NEW YORK (GenomeWeb) – Researchers from the Personal Genome Project have published more than a hundred phased personal genomes.
At GigaScience, researchers led by Complete Genomics' Brock Peters described how they used the company's Long-Fragment Read technology to generate sequencing and haplotype information for 184 genomes. The researchers also reported uncovering 2.6 million high-quality rare variants not present in either the Single Nucleotide Polymorphisms database or the 1000 Genomes Project Phase 3 data.
"The vast majority of genomic data that has been generated to date is without experimentally derived haplotypes," Peters, a senior director of research and project leader at Complete Genomics, said in a statement. "This represents a very unique set of data that is freely available for anyone to use through open access data publication."
As part of the Personal Genome Project, Peters and his colleagues collected blood samples from 184 participants, who consented to have their genotypic and phenotypic data made freely available. These samples were then processed using Complete Genomics' Long-Fragment Read technology, and sequenced to an average read coverage depth of 100X, which the researchers said is three-fold higher than most whole human genome assemblies.
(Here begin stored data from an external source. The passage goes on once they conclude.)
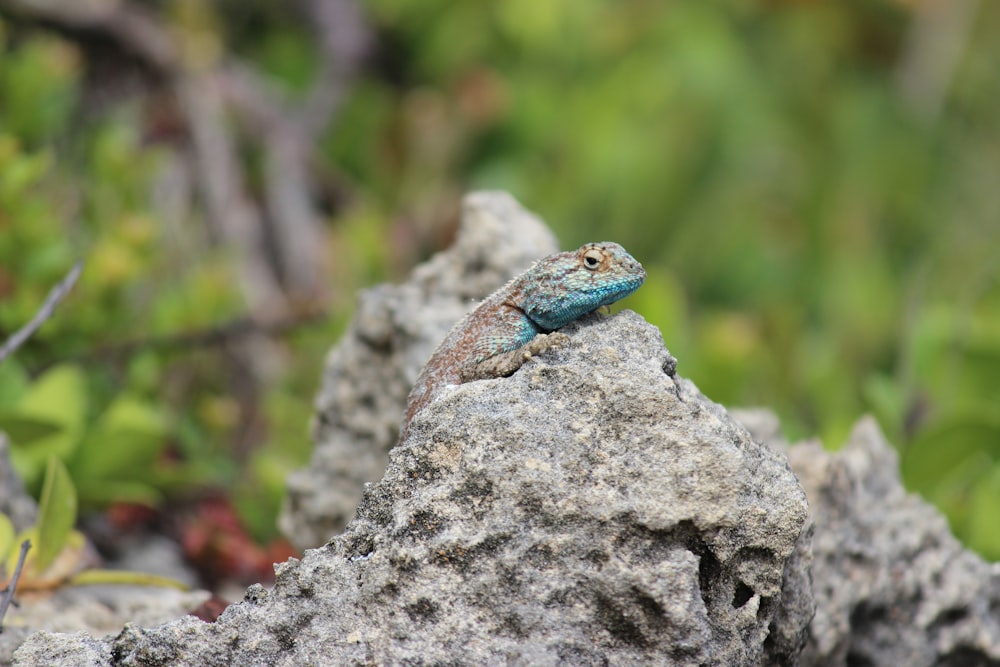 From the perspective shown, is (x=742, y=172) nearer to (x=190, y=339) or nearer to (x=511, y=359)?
(x=190, y=339)

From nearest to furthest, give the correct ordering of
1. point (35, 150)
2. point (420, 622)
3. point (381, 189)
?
point (420, 622)
point (35, 150)
point (381, 189)

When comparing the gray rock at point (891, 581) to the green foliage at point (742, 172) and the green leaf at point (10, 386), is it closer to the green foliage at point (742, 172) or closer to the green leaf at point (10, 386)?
the green foliage at point (742, 172)

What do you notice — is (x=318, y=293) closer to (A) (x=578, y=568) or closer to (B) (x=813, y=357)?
(B) (x=813, y=357)

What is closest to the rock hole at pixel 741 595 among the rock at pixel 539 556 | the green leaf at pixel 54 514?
the rock at pixel 539 556

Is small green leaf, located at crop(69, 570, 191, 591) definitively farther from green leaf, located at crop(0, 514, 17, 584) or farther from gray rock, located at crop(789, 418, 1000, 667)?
gray rock, located at crop(789, 418, 1000, 667)

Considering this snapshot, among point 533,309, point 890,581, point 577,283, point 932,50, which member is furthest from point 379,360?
point 932,50

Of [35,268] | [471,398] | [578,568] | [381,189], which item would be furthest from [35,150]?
[578,568]
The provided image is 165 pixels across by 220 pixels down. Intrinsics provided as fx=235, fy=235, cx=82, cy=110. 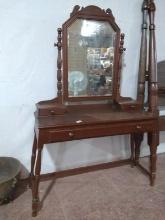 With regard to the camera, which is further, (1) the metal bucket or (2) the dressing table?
(2) the dressing table

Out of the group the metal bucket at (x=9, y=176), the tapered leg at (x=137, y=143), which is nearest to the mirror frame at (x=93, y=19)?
the tapered leg at (x=137, y=143)

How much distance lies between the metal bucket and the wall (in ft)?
0.30

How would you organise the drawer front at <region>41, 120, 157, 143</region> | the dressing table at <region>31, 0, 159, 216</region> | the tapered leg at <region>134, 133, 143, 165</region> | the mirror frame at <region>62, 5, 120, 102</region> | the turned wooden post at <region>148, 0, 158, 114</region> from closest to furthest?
the drawer front at <region>41, 120, 157, 143</region> < the dressing table at <region>31, 0, 159, 216</region> < the mirror frame at <region>62, 5, 120, 102</region> < the turned wooden post at <region>148, 0, 158, 114</region> < the tapered leg at <region>134, 133, 143, 165</region>

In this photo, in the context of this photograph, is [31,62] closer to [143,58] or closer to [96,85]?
[96,85]

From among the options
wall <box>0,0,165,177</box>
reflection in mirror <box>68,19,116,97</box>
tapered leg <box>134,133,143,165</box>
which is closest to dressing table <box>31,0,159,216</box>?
reflection in mirror <box>68,19,116,97</box>

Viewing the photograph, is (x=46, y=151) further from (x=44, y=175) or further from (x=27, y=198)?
(x=27, y=198)

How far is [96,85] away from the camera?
215 cm

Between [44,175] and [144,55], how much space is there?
1.49 meters

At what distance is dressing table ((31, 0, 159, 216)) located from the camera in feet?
6.08

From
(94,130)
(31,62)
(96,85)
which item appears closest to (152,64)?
(96,85)

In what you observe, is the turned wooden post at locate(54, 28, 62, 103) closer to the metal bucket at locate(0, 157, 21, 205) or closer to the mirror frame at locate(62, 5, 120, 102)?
the mirror frame at locate(62, 5, 120, 102)

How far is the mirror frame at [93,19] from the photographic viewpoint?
6.43ft

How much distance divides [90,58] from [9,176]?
1.20 meters

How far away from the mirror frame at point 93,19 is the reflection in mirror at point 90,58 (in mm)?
28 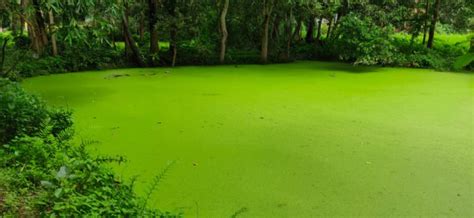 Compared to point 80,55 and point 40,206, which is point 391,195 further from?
point 80,55

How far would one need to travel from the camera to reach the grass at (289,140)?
6.01 feet

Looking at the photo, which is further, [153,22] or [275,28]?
[275,28]

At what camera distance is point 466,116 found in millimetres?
3270

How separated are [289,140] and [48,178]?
152 cm

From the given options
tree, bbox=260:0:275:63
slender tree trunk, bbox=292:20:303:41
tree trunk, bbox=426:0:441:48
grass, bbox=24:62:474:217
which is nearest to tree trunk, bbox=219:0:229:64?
tree, bbox=260:0:275:63

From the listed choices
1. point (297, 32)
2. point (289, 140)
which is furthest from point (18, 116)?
point (297, 32)

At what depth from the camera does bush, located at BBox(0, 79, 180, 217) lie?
1339mm

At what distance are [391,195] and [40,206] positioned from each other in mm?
1439

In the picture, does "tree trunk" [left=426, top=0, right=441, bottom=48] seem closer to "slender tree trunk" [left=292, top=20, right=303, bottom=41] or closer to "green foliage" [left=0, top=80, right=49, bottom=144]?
"slender tree trunk" [left=292, top=20, right=303, bottom=41]

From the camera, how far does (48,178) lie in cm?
155

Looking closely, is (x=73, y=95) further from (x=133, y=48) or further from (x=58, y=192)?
(x=58, y=192)

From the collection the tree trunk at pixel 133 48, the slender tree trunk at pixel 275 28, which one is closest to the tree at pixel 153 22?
the tree trunk at pixel 133 48

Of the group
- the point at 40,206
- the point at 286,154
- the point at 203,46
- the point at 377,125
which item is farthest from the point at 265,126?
the point at 203,46

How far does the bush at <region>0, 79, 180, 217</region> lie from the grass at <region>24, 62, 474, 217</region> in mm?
301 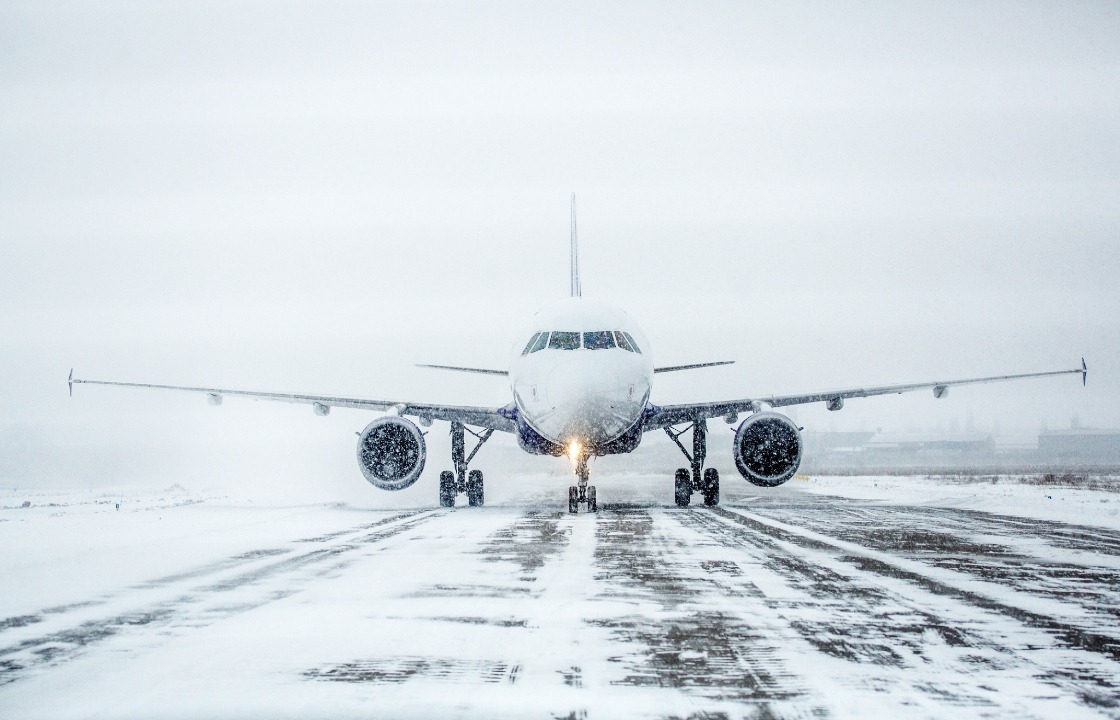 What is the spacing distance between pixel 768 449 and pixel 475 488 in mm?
7826

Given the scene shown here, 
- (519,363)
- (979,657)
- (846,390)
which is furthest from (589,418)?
(979,657)

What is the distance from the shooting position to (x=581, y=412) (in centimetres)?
1702

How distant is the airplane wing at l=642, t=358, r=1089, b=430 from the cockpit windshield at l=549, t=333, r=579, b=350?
13.0 ft

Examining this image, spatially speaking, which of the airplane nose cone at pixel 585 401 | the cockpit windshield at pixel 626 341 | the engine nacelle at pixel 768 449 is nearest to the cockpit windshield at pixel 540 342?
the airplane nose cone at pixel 585 401

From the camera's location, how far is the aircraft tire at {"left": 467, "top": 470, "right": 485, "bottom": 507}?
22609mm

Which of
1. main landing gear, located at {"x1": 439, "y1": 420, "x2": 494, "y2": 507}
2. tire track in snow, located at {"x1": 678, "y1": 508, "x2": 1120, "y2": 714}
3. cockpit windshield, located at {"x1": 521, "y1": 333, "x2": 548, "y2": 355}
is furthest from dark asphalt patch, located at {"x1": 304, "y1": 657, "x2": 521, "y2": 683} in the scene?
main landing gear, located at {"x1": 439, "y1": 420, "x2": 494, "y2": 507}

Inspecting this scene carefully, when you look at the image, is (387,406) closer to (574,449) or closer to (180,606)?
(574,449)

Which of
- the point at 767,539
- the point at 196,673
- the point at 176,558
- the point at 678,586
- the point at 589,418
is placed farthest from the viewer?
the point at 589,418

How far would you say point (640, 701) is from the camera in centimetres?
447

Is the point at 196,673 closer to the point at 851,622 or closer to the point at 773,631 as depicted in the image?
the point at 773,631

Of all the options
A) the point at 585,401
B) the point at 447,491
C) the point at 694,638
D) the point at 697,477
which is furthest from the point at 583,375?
the point at 694,638

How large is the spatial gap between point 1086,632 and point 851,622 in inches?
62.2

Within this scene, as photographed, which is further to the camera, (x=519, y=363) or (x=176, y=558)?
(x=519, y=363)

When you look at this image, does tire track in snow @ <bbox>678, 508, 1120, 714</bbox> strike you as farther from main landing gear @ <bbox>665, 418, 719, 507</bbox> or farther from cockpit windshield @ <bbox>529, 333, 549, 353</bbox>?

Of these 184 genomes, 114 are available in the GigaDB repository, Peters and his colleagues noted. While the participants all agreed to make their data available, they can review it before it is released, and the researchers said the other 70 genomes are still doing through this data-release process.
To gauge reproducibility, the researchers sequenced 20 of the genomes at least twice, with independent LFR barcodes. A pairwise comparison of those doubly sequenced genomes suggested the LFR phasing was reproducible. They also sequenced seven genomes using the standard Complete Genomics sequencing approach as well.
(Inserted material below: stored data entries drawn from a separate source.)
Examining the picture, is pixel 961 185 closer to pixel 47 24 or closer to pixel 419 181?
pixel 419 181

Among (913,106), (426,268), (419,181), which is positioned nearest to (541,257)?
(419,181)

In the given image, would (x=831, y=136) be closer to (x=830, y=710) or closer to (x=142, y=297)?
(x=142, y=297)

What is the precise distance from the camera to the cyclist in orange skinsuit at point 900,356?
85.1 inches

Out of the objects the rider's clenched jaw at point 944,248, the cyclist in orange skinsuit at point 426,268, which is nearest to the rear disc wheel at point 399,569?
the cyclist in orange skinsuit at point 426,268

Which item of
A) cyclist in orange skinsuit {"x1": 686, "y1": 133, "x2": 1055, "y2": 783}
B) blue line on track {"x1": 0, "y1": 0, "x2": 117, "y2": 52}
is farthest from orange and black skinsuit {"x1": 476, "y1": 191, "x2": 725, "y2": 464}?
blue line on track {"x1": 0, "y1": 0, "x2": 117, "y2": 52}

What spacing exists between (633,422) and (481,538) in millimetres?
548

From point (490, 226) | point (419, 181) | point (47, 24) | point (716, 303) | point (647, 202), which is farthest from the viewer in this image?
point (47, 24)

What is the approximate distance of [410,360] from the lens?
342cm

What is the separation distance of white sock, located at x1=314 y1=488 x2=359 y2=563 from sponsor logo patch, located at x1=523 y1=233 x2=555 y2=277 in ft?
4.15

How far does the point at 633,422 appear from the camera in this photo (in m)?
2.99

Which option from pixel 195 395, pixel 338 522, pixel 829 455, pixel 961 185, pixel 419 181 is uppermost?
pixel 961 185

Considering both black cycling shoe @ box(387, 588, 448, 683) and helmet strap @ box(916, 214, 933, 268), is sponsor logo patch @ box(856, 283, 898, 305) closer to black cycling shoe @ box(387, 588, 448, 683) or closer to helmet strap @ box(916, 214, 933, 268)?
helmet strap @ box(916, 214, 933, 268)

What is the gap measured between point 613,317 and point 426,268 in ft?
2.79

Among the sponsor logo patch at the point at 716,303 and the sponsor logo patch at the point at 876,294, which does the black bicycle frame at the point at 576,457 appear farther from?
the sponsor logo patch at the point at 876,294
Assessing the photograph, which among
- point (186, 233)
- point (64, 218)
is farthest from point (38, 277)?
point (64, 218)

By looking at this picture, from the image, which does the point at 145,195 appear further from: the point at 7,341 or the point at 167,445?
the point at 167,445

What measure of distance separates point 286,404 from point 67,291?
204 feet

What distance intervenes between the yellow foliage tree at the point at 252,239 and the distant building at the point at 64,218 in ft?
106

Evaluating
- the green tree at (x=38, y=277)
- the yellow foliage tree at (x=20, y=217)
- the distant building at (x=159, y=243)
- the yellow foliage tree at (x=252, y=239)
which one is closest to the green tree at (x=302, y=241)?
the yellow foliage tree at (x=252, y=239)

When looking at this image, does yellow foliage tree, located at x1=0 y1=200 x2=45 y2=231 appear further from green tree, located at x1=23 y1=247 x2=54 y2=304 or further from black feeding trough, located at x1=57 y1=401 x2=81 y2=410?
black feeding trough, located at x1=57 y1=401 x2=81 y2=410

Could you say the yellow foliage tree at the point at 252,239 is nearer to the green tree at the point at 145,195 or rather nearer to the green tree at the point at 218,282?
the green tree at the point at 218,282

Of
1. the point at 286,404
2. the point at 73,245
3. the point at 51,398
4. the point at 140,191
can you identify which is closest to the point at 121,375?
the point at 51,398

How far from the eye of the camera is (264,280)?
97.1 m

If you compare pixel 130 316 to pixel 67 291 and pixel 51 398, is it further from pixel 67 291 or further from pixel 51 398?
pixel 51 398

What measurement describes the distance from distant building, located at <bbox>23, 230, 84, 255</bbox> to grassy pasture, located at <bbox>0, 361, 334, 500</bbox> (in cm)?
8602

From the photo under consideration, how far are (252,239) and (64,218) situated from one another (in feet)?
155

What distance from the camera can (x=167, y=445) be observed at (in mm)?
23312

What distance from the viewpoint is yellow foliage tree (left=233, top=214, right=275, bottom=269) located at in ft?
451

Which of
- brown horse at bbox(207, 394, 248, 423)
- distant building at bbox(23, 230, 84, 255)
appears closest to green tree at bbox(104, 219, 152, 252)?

The researchers reported that for most of the genomes in their dataset, more than 98 percent of heterozygous SNPs could be placed into long haplotypes with an average N50 of 800 kilobases. More than 85 percent of the haplotypes did not contain any errors, the researchers added, and most of the remainder harbored a single phasing error.
From this set of genomes, Peters and his colleagues also uncovered 2.6 million variants not included in the SNP database of the 1000 Genomes Project dataset. These variants could represent rare or family-specific variants or de novo mutations but also false-positive errors. Still, based on the expected number of false-positives and expected amount of de novo mutations, the researchers suggested that most of these variants are rare population variants or family-specific ones.
Peters and his colleagues noted that the variant and phasing data could be found at GigaScience and that the corresponding reads and mappings are being made available through dbGaP.